Banks have basically two types of accounts:

TIME DEPOSITS - which are various types of savings accounts including certificates of deposit (CDs). For our purposes the significance of these accounts is the fact that they require the depositor to leave the funds at the bank for a certain period of time. Certificates of Deposit actually specify the time period and if the depositor withdraws the funds prior to the expiration date they are charged a stiff penalty (often 10% or more). Regular savings accounts usually allow the depositor to withdraw the funds at any time but, legally (and it is stated in the fine print which no one bothers to read) the bank can require 30 or more days written notice of intent to withdraw the funds. While this 30 day notice rule is not enforced now days (but it is still enforceable should the bank have a need to) the bank does require that the depositor make a trip to the bank during normal business hours to withdraw the money. This, plus the fact that most people's reason for having a SAVINGS account is to SAVE money, means that savings depositors tend to let the money sit in the bank for long periods of time. This money can thus be safely lent out knowing that the depositor will not withdraw it before the loan is repaid (if I deposit $10,000 in a one year CD and someone walks in behind me and borrows that $10,000 for one year the bank knows that the funds are due back the same day that my CD expires so the funds go from me to the bank, then to the borrower who returns them in one year at which point I return to get my money back - the bank collects 10% [$1000] from the borrower, pays me my 3% [$300] and pockets the difference [$700] as profit).
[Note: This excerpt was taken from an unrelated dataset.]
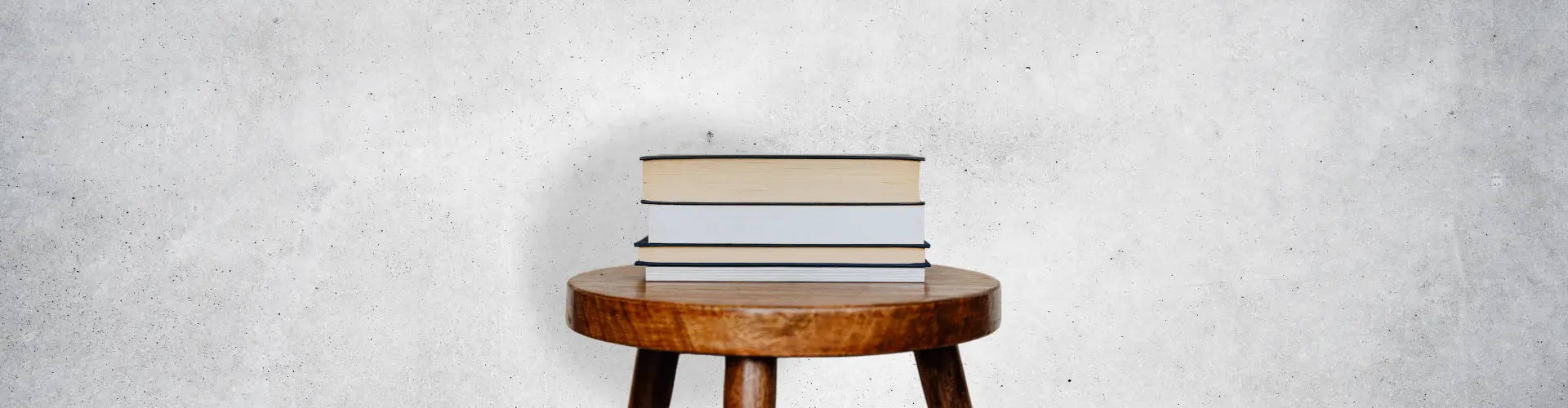 Das Bild zeigt einen Holzstuhl, auf dem mehrere Bücher gestapelt sind – es steht für Wissen, Bildung oder Lernen.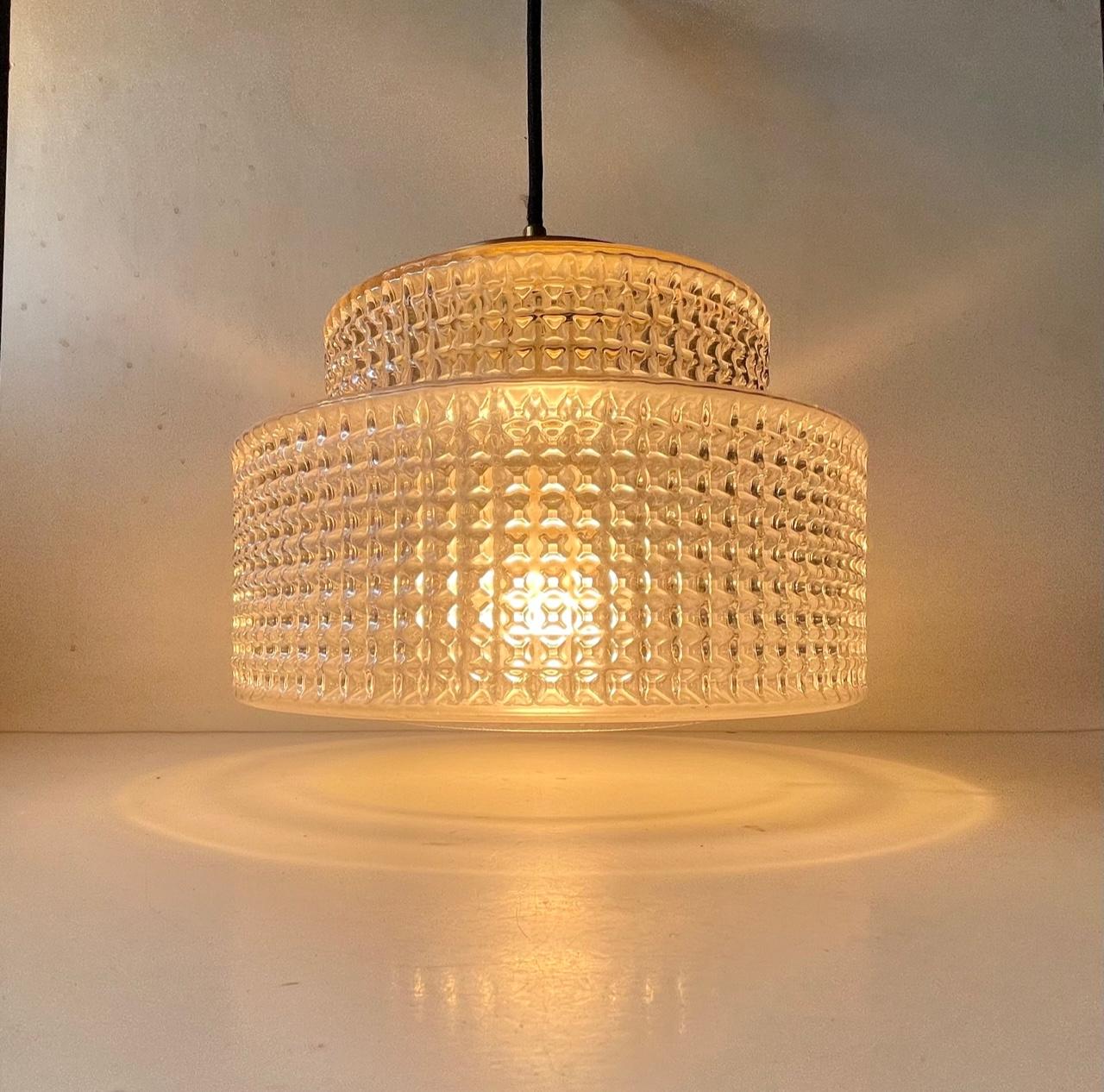 A stylish hanging light designed and manufactured by the Danish design trio Vitrika in the 1960s. The name Vitrika, or Vi-Tri-Ka means 'The three of us can do it'. The lamp features a geometric - diamond patterned clear glass shade. The top is made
DEMAND DEPOSITS - these are the second type of account and are also called checking accounts. A DEMAND deposit is an account in which the depositor can get their money back ON DEMAND at any time. The depositor simply walks into the bank and presents a check and the money is turned over IMMEDIATELY - the bank cannot refuse or delay the request. To make it even more convenient, the depositor can simply write a check and the person receiving the check has the right to go to that bank and DEMAND the funds in full immediately. Loaning these funds is riskier since the loan is usually made for a specified period of time while the deposit can be withdrawn at any time.
Close to 1,000 years of experience has taught us two things:

FIRST: People who deposit money into a checking account tend to pay for things by writing checks rather than by going to the bank to get their money and then making the payment - thus the depositors themselves rarely withdraw cash from their accounts.

SECOND: Merchants and others who receive the checks usually prefer to deposit the checks to their own checking accounts (which are often at the same bank) rather than present them for cash.

Given the above two facts, it is apparent that, despite the fact that the funds can legally be withdrawn at any time on demand, money deposited into demand deposits or checking accounts is actually more stable (in the sense of staying in the bank) than time deposits since people frequently do withdraw funds from savings when the time is up.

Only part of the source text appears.